> **Work instructions**
I need the number of lines in the listing below that include the string "Chapter", and only that number.

> **Given data**
____
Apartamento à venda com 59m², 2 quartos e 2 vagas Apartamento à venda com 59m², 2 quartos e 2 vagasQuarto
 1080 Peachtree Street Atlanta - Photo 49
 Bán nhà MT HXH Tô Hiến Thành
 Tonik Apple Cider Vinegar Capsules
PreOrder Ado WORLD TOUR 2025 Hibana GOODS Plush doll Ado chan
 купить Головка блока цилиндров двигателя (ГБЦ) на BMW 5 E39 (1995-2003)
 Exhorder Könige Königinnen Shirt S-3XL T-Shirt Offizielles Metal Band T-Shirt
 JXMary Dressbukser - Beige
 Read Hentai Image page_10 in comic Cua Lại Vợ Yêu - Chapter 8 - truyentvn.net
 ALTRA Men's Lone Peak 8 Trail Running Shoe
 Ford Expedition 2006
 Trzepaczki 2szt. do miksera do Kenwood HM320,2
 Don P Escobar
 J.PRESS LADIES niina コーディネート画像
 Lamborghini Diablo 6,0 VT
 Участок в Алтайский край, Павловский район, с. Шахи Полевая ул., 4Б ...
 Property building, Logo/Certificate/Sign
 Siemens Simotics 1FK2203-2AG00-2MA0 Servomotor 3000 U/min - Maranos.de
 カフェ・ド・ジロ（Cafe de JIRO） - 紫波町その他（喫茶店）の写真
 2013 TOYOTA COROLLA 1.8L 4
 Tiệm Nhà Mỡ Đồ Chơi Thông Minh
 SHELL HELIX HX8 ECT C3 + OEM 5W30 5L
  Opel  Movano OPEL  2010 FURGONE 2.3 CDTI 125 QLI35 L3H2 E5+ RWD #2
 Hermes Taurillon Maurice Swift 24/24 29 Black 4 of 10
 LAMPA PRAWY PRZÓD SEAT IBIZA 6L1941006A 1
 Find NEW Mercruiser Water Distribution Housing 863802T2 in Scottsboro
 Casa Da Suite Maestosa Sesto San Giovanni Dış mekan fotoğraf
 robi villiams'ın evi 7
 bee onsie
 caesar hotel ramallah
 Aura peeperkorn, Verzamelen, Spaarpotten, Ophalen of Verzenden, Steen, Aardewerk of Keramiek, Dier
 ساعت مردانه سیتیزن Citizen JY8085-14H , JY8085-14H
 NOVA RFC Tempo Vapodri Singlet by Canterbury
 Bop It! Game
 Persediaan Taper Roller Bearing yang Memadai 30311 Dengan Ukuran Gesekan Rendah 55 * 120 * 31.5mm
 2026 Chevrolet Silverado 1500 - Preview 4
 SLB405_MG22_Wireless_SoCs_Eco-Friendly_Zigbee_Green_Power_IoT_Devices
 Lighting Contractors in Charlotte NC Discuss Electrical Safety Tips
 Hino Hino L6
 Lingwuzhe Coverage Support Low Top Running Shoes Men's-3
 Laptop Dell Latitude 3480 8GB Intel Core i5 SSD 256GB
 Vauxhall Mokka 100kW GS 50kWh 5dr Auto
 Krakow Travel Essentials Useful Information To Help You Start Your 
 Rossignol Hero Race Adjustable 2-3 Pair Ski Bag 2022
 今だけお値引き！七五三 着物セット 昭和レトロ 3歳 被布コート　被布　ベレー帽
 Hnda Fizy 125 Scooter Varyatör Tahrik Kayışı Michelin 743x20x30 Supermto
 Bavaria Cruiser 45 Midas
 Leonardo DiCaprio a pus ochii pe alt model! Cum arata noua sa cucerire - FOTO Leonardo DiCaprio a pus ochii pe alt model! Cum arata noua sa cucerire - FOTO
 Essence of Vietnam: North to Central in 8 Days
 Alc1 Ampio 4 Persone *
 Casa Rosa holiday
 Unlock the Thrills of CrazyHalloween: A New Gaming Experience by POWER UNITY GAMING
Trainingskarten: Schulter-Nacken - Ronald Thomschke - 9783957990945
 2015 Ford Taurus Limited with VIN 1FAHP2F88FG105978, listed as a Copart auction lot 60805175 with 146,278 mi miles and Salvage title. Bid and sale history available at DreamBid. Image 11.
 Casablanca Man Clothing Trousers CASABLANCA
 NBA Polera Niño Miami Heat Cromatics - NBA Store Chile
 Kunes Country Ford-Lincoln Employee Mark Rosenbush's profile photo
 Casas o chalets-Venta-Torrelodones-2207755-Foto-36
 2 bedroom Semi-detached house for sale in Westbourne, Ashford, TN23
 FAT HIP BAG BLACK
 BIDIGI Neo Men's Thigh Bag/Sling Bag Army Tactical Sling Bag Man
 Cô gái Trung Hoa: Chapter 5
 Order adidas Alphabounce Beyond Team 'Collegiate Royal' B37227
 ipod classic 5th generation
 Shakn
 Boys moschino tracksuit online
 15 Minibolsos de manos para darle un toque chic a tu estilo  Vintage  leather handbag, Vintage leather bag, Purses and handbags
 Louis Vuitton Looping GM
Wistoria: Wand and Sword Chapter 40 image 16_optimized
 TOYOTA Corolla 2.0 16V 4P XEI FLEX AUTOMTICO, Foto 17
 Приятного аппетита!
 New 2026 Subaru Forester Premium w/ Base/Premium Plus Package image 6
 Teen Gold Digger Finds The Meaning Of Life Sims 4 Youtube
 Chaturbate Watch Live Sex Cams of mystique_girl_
____
> **Solved exercise**
3